Statistical analyses

Statistical analysis was performed using the SPSS 21.0 software (SPSS Inc., Chicago, IL, USA). The χ² test was used to compare the categorical data by gender, incomplete KD ratio, infliximab response rate, and CAA z-score >5. Quantitative data with a normal distribution are presented as mean±standard deviation. To compare the continuous data of 2 types of treatment regimens, the Student's t-test was performed. To compare 5 types of treatment regimens, the analysis of variance (ANOVA) was used. According to the results of the study, we calculated the odds ratio for the probability of CAA exceeding the z-score of 5 according to the presence or absence of IVMP treatment using logistic regression analysis and normalized it relative to age and fever duration. A logistic regression analysis was performed on the incidence of significant CAA.

RESULTS

A total of 102 patients (32.29±19.94 months, 72 males) who received infliximab after first IVIG treatment were included (Tables 1 and 2). Fever duration until infliximab infusion in group 1 was shorter than that in group 2 (10.5±4.4 days vs. 16.4±4.5 days, p<0.001) as shown in Table 1.

Table 1

Characteristics of IVIG resistant KD patients in the infliximab group 1 and the group 2

		Group 1	Group 2	p value
Sex				0.775
	Male (%)	29 (69.0)	43 (71.7)
	Female (%)	13 (30.1)	17 (28.3)
Age (mon)		39.52±21.88	28.22±16.17	0.007
PMN (%)		74.90±19.55	72.51±15.52	0.794
Albumin (g/dL)		3.56±0.47	3.51±0.56	0.939
Total bilirubin (g/dL)		1.54±1.31	1.67±1.50	0.672
AST (IU/L)		148.18±130.97	168.43±258.90	0.857
ALT (IU/L)		174.00±181.84	173.76±161.56	0.629
CRP (mg/dL)		11.75±7.38	12.29±7.26	0.654
NT-proBNP (pg/dL)		1,598.81±1,672.20	1,696.58±1,590.02	0.791
Incomplete KD		12 (28.6)	10 (16.7)	0.150
Fever duration until 1st IVIG (day)		4.69±1.65	4.93±1.45	0.327
Fever duration until infliximab infusion (day)		10.52±4.39	16.43±4.53	<0.001
Response to infliximab (%)		34/42 (80.95)	55/60 (91.67)	0.137
CAA, z-score>5 (%)		1 (2.4)	15 (25)	0.002

Laboratory results were the results of at the time of diagnosis. Group 1: the patients that received infliximab after first IVIG or second IVIG therapy; Group 2: the patients that received methyl prednisolone pulse therapy after first IVIG or second IVIG therapy.

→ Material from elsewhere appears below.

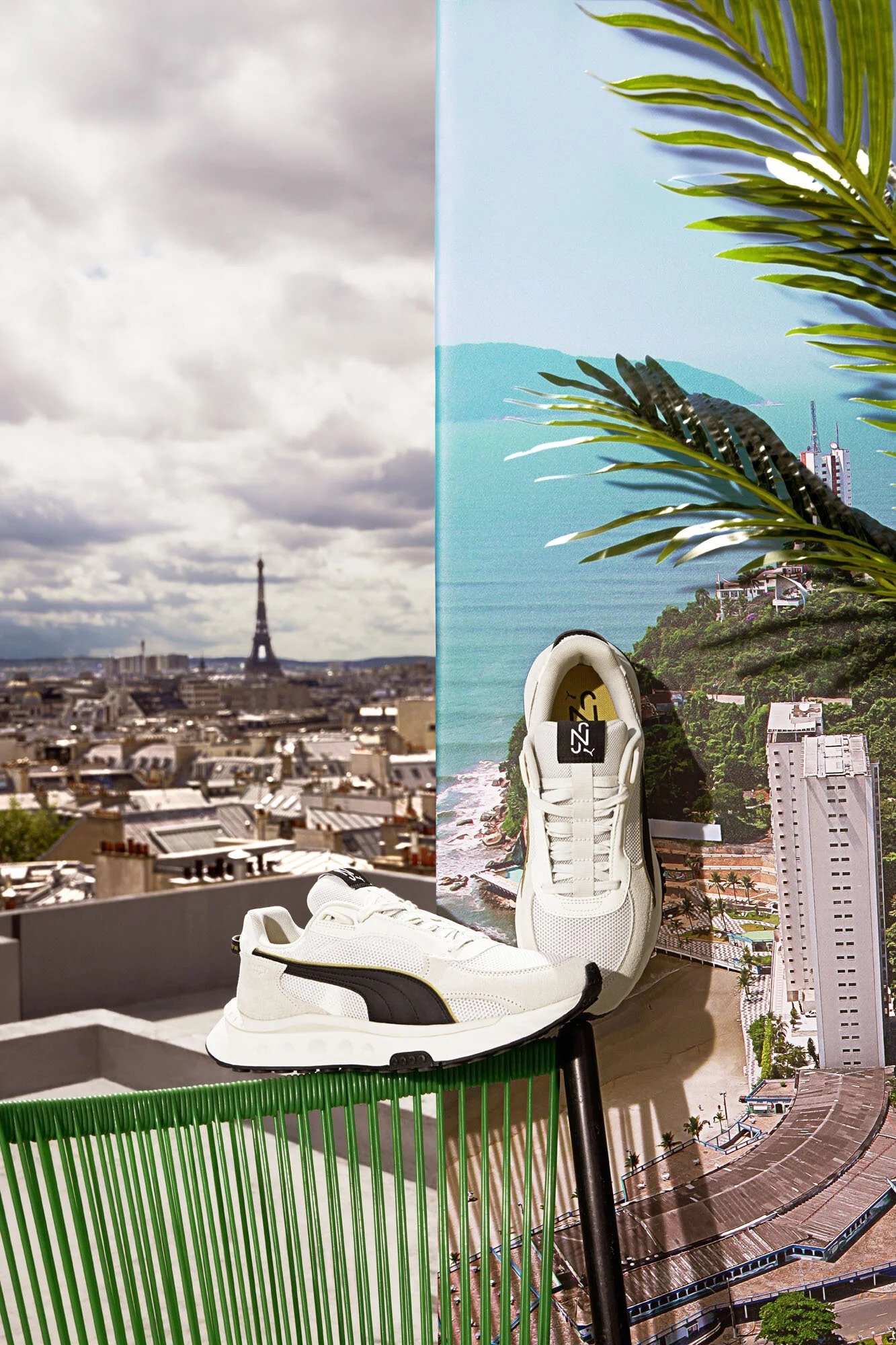 A pair of white athletic shoes resting on a rooftop ledge with Paris skyline and a mural of a tropical beach scene on the wall behind, including the Eiffel Tower in the distance, palm trees, and ocean waters.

Values are presented as number (%) or mean± standard deviation (range).

Fever duration until infliximab infusion is the total duration of febrile days until before the infusion of infliximab.

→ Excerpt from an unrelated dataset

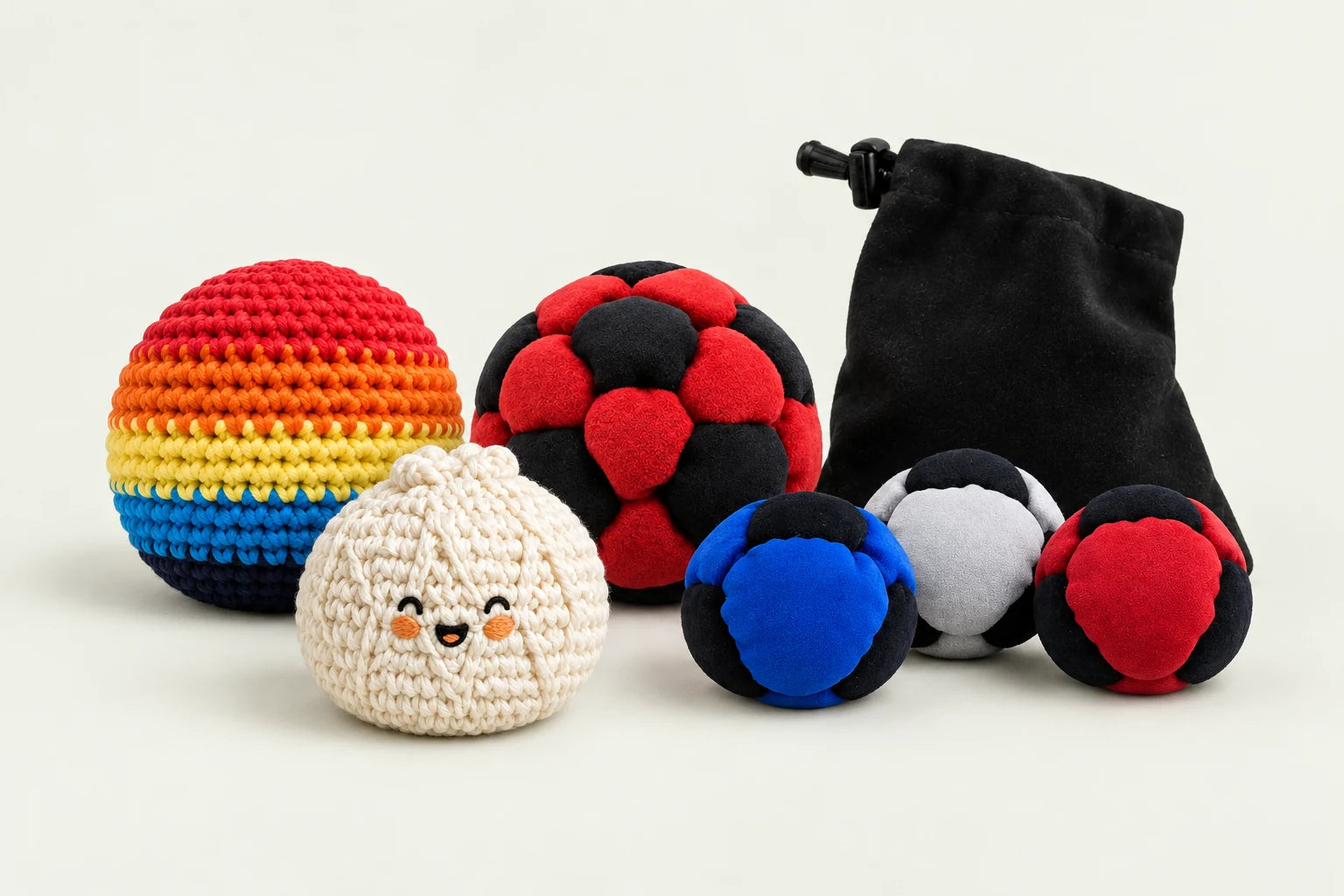 Rainbow crochet and cream knitted bun footbags beside a red-and-black soccer footbag and a three-footbag set with a black carry pouch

ALT = alanine aminotransferase; AST = aspartate aminotransferase; CAA = coronary artery aneurysm; CRP = C-reactive protein; IVIG = intravenous immunoglobulin; KD = Kawasaki disease; NT-proBNP = N-terminal-pro-brain natriuretic protein; PMN, polymorphonuclear neutrophil.

Table 2

Characteristics of the subgroups of IVIG resistant KD patients treated with infliximab

		Group 1	IVIG → IVIG → infliximab	IVIG → infliximab	Group 2	IVIG → IVIG → IVMP → infliximab	IVIG → IVIG + IVMP → infliximab	IVIG → IVMP → infliximab
Sex
	Male (%)	29 (69.0)	19 (70.4)	10 (66.7)	43 (71.7)	33 (70.2)	8 (72.7)	2 (100)
	Female (%)	13 (30.1)	8 (29.6)	5 (33.3)	17 (28.3)	14 (29.8)	3 (27.3)	0 (0)
Age (mon)		39.52±21.88	41.19±25.40	36.53±12.87	28.22±16.17	27.11±16.85	30.27±12.75	43.00±2.00
PMN (%)		74.90±19.55	71.41±22.31	80.71±11.66	72.51±15.52	71.03±15.63	79.67±12.14	71.85±17.15
Albumin (g/dL)		3.56±0.47	3.54±0.54	3.59±0.30	3.51±0.56	3.52±0.59	3.61±0.45	3.00±0.10
Total bilirubin (g/dL)		1.54±1.31	1.61±1.27	1.41±1.36	1.67±1.50	1.66±1.45	2.14±1.75	0.73±0.56
AST (IU/L)		148.18±130.97	162.00±147.46	125.13±93.03	168.43±258.90	140.00±248.97	285.00±281.00	229.50±209.50
ALT (IU/L)		174.00±181.84	185.24±181.93	155.27±180.14	173.76±161.56	139.27±120.84	310.29±205.98	265.00±256.00
CRP (mg/dL)		11.75±7.38	10.09±7.65	14.50±5.97	12.29±7.26	11.79±6.76	14.90±8.07	11.70±10.01
NT-proBNP (pg/dL)		1,598.81±1,672.20	1,834.82±1,672.04	1,211.07±1,598.51	1,696.58±1,590.02	1,808.00±1,753.89	1,837.08±1,303.52	550.85±30.65
Incomplete KD (%)		12 (28.6)	6 (22.2)	6 (40)	10 (16.7)	8 (17)	1 (9)	1 (50)
Fever duration until 1st IVIG (day)		4.69±1.65	4.89±1.95	4.33±0.79	4.93±1.45	4.89±1.59	5.27±0.45	4.00±1.00
Fever duration until infliximab infusion (day)		10.52±4.39	11.60±4.41	7.43±2.13	16.43±4.53	15.85±2.88	18.00±8.17	10.00±1.00
Response to infliximab (%)		34/42 (80.95)	23/27 (85.1)	11/15 (73.3)	55/60 (91.67)	43/47 (91.5)	10/11 (90.9)	2/2 (100)
CAA, z-score >5 (%)		1 (2.4)	1/27 (3.7)	0/15 (0)	15 (25)	11/47 (23.4)	5/11 (45.5)	1/2 (50)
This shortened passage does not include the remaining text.